**Extracted entries:**
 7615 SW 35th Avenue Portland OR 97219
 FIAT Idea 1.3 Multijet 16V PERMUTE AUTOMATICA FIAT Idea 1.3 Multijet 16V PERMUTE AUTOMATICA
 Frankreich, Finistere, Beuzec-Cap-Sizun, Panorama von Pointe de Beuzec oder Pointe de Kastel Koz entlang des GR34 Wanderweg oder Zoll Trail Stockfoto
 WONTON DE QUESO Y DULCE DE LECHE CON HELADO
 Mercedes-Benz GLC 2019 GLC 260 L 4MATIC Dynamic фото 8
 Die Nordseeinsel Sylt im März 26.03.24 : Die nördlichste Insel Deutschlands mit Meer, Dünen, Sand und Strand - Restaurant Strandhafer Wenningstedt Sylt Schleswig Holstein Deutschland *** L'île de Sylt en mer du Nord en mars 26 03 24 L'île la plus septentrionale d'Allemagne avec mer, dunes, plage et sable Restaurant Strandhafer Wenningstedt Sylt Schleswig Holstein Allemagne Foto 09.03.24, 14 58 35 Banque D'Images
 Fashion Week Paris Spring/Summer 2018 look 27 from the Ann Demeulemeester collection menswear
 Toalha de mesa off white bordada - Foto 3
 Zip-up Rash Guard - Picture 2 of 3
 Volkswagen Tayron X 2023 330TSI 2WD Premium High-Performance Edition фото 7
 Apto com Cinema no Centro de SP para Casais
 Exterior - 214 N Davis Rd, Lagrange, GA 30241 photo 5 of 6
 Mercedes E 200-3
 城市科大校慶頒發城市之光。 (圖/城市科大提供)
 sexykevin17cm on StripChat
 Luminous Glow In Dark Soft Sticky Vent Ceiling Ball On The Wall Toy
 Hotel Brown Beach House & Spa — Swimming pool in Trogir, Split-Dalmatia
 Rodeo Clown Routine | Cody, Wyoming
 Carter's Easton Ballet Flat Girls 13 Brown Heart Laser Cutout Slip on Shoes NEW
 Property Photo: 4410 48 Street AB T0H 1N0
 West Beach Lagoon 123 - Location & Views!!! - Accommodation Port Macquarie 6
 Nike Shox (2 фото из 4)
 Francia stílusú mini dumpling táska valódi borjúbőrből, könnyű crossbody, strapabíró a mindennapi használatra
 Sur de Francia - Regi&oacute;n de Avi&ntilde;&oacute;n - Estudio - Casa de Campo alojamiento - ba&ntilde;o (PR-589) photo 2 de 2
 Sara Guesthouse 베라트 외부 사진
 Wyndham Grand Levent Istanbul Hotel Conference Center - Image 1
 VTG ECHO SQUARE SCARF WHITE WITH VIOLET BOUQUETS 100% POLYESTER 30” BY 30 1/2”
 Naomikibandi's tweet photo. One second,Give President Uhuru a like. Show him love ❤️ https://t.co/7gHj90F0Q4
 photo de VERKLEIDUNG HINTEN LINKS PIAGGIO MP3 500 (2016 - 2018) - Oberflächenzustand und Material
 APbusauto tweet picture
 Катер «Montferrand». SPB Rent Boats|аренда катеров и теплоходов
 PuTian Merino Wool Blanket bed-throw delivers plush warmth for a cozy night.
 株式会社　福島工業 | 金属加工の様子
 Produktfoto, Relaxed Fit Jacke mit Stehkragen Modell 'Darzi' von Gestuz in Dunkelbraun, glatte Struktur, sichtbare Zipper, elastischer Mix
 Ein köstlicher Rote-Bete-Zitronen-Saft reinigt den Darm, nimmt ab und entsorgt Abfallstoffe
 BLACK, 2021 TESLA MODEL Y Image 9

**Exercise instructions:** Write out again, exactly, the lines from the start of the entries up to and including the one with "Apto com Cinema no Centro de SP para Casais". Nothing else belongs in the reply.

**Response for this exercise:**
 7615 SW 35th Avenue Portland OR 97219
 FIAT Idea 1.3 Multijet 16V PERMUTE AUTOMATICA FIAT Idea 1.3 Multijet 16V PERMUTE AUTOMATICA
 Frankreich, Finistere, Beuzec-Cap-Sizun, Panorama von Pointe de Beuzec oder Pointe de Kastel Koz entlang des GR34 Wanderweg oder Zoll Trail Stockfoto
 WONTON DE QUESO Y DULCE DE LECHE CON HELADO
 Mercedes-Benz GLC 2019 GLC 260 L 4MATIC Dynamic фото 8
 Die Nordseeinsel Sylt im März 26.03.24 : Die nördlichste Insel Deutschlands mit Meer, Dünen, Sand und Strand - Restaurant Strandhafer Wenningstedt Sylt Schleswig Holstein Deutschland *** L'île de Sylt en mer du Nord en mars 26 03 24 L'île la plus septentrionale d'Allemagne avec mer, dunes, plage et sable Restaurant Strandhafer Wenningstedt Sylt Schleswig Holstein Allemagne Foto 09.03.24, 14 58 35 Banque D'Images
 Fashion Week Paris Spring/Summer 2018 look 27 from the Ann Demeulemeester collection menswear
 Toalha de mesa off white bordada - Foto 3
 Zip-up Rash Guard - Picture 2 of 3
 Volkswagen Tayron X 2023 330TSI 2WD Premium High-Performance Edition фото 7
 Apto com Cinema no Centro de SP para Casais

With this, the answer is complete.